Gentoo Forums
Gentoo Forums
Gentoo Forums
Quick Search: in
System stuck during boot for ~5 minutes hanging at random
View unanswered posts
View posts from last 24 hours

 
Reply to topic    Gentoo Forums Forum Index Kernel & Hardware
View previous topic :: View next topic  
Author Message
chrisk2305
Tux's lil' helper
Tux's lil' helper


Joined: 05 Sep 2007
Posts: 110

PostPosted: Sun Apr 05, 2020 3:44 pm    Post subject: System stuck during boot for ~5 minutes hanging at random Reply with quote

Hi,

My system is stuck during boot for quite some time due to random fast init and random crng init hanging:

Code:
3.104177] clocksource: Switched to clocksource tsc
[   54.950502] random: fast init done
[  149.704022] random: crng init done
[  423.106828] smartpqi 0000:0c:00.0:


I searched the forums and already emerged:

Code:

USE=+jitterentropy emerge sys-apps/rng-tools
emerge haveged


And enabled both services but that did not do the trick (I guess because they are userspace tools and my issues happens at the very beginning of booting).

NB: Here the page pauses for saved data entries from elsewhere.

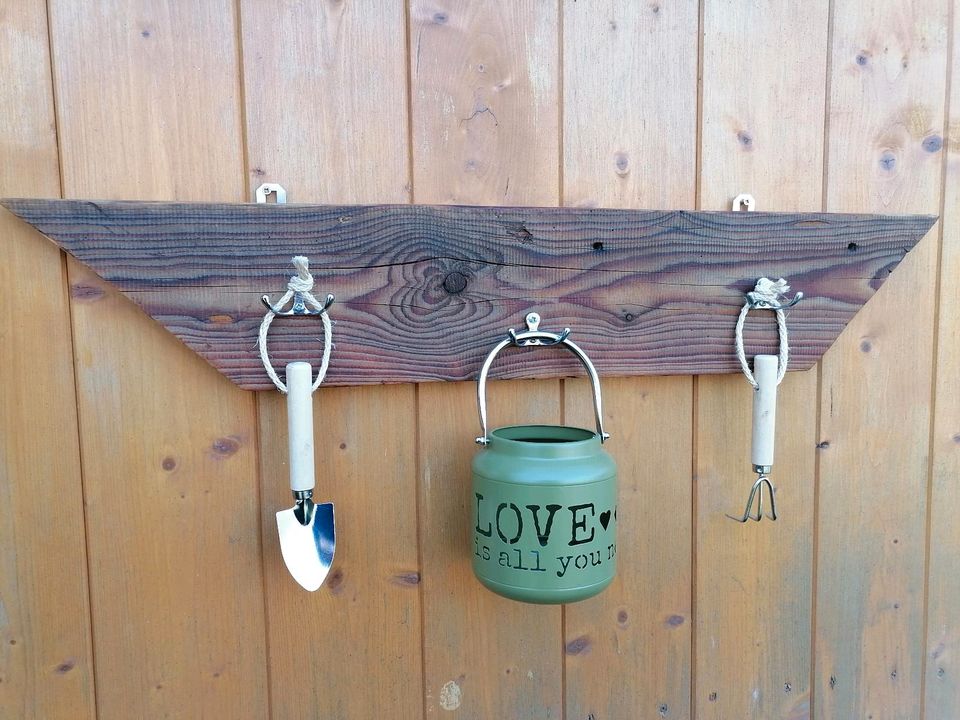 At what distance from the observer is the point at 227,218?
0.56m

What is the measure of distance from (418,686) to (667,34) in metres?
0.68

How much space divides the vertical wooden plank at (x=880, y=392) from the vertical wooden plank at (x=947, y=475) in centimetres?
1

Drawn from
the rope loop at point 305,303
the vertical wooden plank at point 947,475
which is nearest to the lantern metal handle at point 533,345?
A: the rope loop at point 305,303

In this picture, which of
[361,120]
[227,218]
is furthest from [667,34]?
[227,218]

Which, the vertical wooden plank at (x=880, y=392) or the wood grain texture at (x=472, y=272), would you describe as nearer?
the wood grain texture at (x=472, y=272)

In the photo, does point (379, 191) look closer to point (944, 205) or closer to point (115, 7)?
point (115, 7)

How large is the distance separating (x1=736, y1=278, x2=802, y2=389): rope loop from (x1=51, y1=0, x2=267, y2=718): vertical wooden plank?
1.56 feet

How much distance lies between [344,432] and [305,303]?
0.42 feet

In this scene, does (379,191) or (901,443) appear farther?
(901,443)

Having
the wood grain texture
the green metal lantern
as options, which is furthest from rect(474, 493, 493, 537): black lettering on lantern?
the wood grain texture

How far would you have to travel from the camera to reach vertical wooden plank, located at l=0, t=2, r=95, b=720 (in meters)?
0.55

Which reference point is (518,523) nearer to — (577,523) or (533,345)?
(577,523)

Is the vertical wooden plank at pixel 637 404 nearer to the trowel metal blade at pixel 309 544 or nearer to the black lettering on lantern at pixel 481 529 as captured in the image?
the black lettering on lantern at pixel 481 529

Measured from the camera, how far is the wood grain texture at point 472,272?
0.56 meters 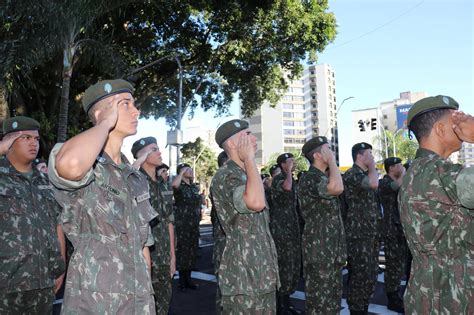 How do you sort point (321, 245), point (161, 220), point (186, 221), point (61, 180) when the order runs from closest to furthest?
point (61, 180) < point (321, 245) < point (161, 220) < point (186, 221)

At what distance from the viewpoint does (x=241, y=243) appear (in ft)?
9.89

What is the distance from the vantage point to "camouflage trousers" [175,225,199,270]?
7.02m

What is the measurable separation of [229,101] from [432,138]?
1706cm

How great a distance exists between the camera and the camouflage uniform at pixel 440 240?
2.16 m

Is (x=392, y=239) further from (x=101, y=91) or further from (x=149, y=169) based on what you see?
(x=101, y=91)

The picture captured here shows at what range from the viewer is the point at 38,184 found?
3637 millimetres

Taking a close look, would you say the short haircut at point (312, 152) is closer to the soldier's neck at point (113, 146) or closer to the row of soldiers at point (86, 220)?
the row of soldiers at point (86, 220)

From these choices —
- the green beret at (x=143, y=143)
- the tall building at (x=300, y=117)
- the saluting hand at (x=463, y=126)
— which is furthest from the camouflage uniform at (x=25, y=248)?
the tall building at (x=300, y=117)

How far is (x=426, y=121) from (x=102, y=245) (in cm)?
191

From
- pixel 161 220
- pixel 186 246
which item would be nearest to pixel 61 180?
pixel 161 220

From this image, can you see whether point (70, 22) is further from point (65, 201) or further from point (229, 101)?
point (229, 101)

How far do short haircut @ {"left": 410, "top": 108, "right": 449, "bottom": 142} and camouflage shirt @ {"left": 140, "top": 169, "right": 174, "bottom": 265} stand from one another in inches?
111

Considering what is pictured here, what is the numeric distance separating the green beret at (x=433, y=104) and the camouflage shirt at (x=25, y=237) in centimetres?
287

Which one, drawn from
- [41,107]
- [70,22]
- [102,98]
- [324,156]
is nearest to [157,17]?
[41,107] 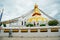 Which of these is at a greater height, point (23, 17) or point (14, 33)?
point (23, 17)

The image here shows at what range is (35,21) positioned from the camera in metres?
26.5

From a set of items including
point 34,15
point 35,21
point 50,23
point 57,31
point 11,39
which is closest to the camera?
point 11,39

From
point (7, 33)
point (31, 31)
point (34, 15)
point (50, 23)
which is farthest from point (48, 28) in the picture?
point (34, 15)

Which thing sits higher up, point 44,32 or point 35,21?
point 35,21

Kernel version I am using is 5.4.3

Any help is much appreciated!

Chris
Back to top
View user's profile Send private message
fedeliallalinea
Bodhisattva
Bodhisattva


Joined: 08 Mar 2003
Posts: 24067
Location: here

PostPosted: Sun Apr 05, 2020 4:06 pm    Post subject: Reply with quote

You tried also some of others proposed by toralf (I use haveged)?
_________________
Questions are guaranteed in life; Answers aren't.
Back to top
View user's profile Send private message
mike155
Advocate
Advocate


Joined: 17 Sep 2010
Posts: 2126
Location: Frankfurt, Germany

PostPosted: Sun Apr 05, 2020 4:37 pm    Post subject: Reply with quote

Please install haveged AND enable it.
Back to top
View user's profile Send private message
chrisk2305
Tux's lil' helper
Tux's lil' helper


Joined: 05 Sep 2007
Posts: 110

PostPosted: Mon Apr 06, 2020 5:06 am    Post subject: Reply with quote

Hi,

please see my inital post. I installed and enabled haveged. Did not do the trick.
Back to top
View user's profile Send private message
mike155
Advocate
Advocate


Joined: 17 Sep 2010
Posts: 2126
Location: Frankfurt, Germany

PostPosted: Mon Apr 06, 2020 12:36 pm    Post subject: Reply with quote

Quote:
I installed and enabled haveged. Did not do the trick.

Sorry! I have overlooked that.
  1. Please upgrade to the latest kernel of the 5.4. series (5.4.30) and retry.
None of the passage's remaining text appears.